Although grammatical words often correspond to single word forms, the correlation between these units may be imperfect, disrupted by phonological or syntactic processes. Cliticization of prosodically light elements creates sequences in which multiple grammatical words correspond to a single phonological word. In (3.2a), the contracted phonological word she’s corresponds to the grammatical words she and has. Separable particles illustrate a converse mismatch, in which a single grammatical word such as German wegwerfen ‘throw out’ is realized by the word forms werfen and weg in (3.2b).

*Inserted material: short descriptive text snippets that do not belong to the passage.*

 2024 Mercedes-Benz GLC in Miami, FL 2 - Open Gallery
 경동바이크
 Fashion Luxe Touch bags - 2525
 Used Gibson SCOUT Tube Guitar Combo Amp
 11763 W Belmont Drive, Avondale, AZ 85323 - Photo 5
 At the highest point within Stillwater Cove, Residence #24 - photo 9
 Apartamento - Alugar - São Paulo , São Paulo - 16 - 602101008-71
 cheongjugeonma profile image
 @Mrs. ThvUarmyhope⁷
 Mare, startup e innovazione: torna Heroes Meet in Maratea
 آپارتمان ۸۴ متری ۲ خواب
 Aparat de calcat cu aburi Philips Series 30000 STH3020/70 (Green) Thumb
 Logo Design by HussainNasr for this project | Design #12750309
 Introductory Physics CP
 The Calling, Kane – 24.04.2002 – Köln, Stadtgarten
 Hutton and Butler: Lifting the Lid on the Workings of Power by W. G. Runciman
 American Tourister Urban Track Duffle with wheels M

(3.2) a. She’s hit the flowers.
b. Sie werfen die Werbung einfach weg. they throw the flyers simply out
‘They simply throw the flyers out.’
As Robins (1959) acknowledges, these processes introduce discrepancies between the notion of‘word’ relevant for the description of grammatical relations, and the sense of ‘word’ that is marked phonetically. This divergence has led some scholars to question the status and even the usefulness of the notion ‘word’ as a unit of analysis, within individual systems and across languages. Matthews (2002: 266) summarizes the collection of typological studies in Dixon and Aikhenvald (2002) by observing that they “make clear not just that criteria conflict, but that different linguists may resolve some kinds of conflict very differently”. Haspelmath (2011:70) echoes this assessment in acknowledging “ ‘Words’ as language-specific units are often unproblematic... but the criteria employed in different languages are often very different” Following a comprehensive cross-linguistic survey of prosodic domains, Schiering et al. (2010: 657) likewise conclude that “the ‘word’ has no privileged or universal status in phonology, but only emerges through frequent reference of sound patterns to a given construction type in a given language”.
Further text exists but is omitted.